Half a century of India hawkers’ movement


In Indian cities, street hawkers represent the largest, more organized and politically vibrant sector in the informal economy. The year 2020 has a very special significance as we celebrate the golden jubilee of the Calcutta Hawker Men’s Union, the silver jubilee of the Calcutta Hawker Sangram Committee, the famous struggle against Operation Sunshine, and the completion of two eventful decades of the National Hawker Federation (NHF).Today, the NHF exists in all the states and union territories of India with over 1200 membership of unions and associations of the street vendors and hawkers including eleven Central Trade Unions. The celebration will be an occasion for all these entities to come together and set a people’s vision for a collective, inclusive, equitable and a sustainable future. In addition, the celebration will offer a platform for interaction among city dwellers, hawkers, political and government functionaries, academics, journalists, city planners and policy-makers.

We believe, this is the time to write our own history, to learn from the past achievements and failures, to introspect with a critical mind, and to formulate new visions of people’s movement for the fast unfolding uncertain future. Our history is a history of trials and tribulations—a narrative that will tell you how the urban poor navigated a changing world, negotiated the market and governmental imperatives, served the humanity, enlivened the mass culture of democracy, and faced betrayals, violence, death and displacement. In this process, we changed the course of history and are transformed by the currents of time.

In 1952, left unions started unionizing hawkers and played a major role in 1950s and 1960s to rehabilitate refugee hawkers in authorized hawkers’ corners in different pockets of Kolkata. The real boost in unionization however came after the formation of the Calcutta Hawker Men’s Union (CHMU) in June, 1970. The Union was initiated by Saktiman Ghosh to resist an on-going eviction in an intersection in central Calcutta. The Union grew since then into a large body taking care of majority of food vendors in the central city.
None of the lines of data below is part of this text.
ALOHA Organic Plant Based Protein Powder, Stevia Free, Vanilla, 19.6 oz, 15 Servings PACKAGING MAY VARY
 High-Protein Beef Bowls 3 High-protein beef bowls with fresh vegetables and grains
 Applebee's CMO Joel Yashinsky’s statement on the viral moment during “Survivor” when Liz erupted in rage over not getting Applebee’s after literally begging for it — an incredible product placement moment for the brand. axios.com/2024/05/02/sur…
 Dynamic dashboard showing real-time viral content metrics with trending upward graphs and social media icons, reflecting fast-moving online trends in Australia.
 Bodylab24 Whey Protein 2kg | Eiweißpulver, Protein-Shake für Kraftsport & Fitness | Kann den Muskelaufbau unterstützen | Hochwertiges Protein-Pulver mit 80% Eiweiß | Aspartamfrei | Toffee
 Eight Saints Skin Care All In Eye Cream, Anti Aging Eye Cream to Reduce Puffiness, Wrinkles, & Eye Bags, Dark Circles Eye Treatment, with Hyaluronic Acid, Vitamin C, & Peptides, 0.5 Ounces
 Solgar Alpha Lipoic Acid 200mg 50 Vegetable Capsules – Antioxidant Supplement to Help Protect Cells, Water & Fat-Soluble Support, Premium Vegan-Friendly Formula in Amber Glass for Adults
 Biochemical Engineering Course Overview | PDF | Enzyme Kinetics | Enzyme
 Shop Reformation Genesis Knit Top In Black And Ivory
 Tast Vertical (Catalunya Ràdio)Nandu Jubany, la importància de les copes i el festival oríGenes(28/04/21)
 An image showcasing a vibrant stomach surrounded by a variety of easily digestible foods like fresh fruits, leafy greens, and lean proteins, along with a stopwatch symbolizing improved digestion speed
It came into prominence during a major conflict in 1979-80 when the newly formed Left Front Government undertook a massive eviction drive in Sealdah while constructing a flyover. The CHMU was able to build up the first ever federation of unions under the banner of ‘Madhya Kolkata Hawker Sangram Committee’. Ultimately, the federation was able to negotiate the resettlement of hawkers under the flyover. This experience proved to be a landmark in the histories of the people’s movement in India. The successful negotiation enabled the hawkers to understand the power of a coordinated movement under a democratic and federal organizational structure.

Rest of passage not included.